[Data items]
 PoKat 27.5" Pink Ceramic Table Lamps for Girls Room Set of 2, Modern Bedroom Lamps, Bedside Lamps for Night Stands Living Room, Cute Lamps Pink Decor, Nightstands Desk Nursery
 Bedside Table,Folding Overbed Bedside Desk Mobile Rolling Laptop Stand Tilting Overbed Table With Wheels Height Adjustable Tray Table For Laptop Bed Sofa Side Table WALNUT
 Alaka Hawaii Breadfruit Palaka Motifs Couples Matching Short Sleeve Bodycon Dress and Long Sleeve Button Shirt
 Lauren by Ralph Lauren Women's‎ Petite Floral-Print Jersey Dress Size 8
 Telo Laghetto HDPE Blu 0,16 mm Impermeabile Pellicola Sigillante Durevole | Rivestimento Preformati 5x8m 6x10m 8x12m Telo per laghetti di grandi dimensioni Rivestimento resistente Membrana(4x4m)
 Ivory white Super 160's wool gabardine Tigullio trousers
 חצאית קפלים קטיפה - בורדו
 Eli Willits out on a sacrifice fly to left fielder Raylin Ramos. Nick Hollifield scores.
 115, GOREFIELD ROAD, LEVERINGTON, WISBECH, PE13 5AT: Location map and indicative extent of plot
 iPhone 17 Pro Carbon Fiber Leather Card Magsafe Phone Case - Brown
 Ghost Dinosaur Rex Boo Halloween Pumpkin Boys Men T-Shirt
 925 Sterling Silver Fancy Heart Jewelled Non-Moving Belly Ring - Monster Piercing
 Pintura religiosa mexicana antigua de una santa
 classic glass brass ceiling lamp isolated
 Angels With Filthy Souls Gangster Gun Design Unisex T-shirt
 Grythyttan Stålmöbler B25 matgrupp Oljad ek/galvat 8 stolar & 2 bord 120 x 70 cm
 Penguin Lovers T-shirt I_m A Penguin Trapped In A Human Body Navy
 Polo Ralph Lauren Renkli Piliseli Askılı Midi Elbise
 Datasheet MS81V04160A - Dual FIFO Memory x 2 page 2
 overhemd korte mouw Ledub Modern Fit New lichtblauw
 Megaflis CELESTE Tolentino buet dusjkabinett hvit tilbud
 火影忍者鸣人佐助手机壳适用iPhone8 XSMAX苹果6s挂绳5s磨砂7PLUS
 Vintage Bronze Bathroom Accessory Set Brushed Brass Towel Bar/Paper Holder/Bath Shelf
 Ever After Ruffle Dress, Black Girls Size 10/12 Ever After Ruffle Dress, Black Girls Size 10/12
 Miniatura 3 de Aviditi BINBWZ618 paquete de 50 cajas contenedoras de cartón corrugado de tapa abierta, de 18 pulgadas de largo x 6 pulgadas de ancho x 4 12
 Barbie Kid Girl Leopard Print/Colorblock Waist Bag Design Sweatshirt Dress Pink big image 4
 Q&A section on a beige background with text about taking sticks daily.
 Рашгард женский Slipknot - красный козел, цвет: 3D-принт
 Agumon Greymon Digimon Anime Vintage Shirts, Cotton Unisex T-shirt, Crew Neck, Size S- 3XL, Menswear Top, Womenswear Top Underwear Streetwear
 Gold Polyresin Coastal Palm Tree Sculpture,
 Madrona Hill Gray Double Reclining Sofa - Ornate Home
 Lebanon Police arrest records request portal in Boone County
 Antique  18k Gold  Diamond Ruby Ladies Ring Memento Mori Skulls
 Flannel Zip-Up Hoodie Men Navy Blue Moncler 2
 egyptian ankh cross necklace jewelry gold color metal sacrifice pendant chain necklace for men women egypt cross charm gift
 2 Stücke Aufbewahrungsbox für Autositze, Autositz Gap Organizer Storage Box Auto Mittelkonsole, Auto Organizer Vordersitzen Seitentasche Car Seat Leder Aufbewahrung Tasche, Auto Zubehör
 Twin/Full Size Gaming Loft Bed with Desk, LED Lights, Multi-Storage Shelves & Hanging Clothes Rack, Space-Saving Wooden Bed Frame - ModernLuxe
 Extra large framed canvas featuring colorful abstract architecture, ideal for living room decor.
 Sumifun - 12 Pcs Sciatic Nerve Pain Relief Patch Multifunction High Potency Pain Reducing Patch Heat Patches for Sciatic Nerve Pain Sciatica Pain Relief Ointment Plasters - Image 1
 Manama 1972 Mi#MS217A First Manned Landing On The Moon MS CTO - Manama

# WORK TO BE COMPLETED
Take the line above containing "Pintura religiosa mexicana", the line containing "Datasheet MS81V04160A - Dual", and all lines in between, and copy them exactly without anything else.

# RESPONSE TO THE EXERCISE
 Pintura religiosa mexicana antigua de una santa
 classic glass brass ceiling lamp isolated
 Angels With Filthy Souls Gangster Gun Design Unisex T-shirt
 Grythyttan Stålmöbler B25 matgrupp Oljad ek/galvat 8 stolar & 2 bord 120 x 70 cm
 Penguin Lovers T-shirt I_m A Penguin Trapped In A Human Body Navy
 Polo Ralph Lauren Renkli Piliseli Askılı Midi Elbise
 Datasheet MS81V04160A - Dual FIFO Memory x 2 page 2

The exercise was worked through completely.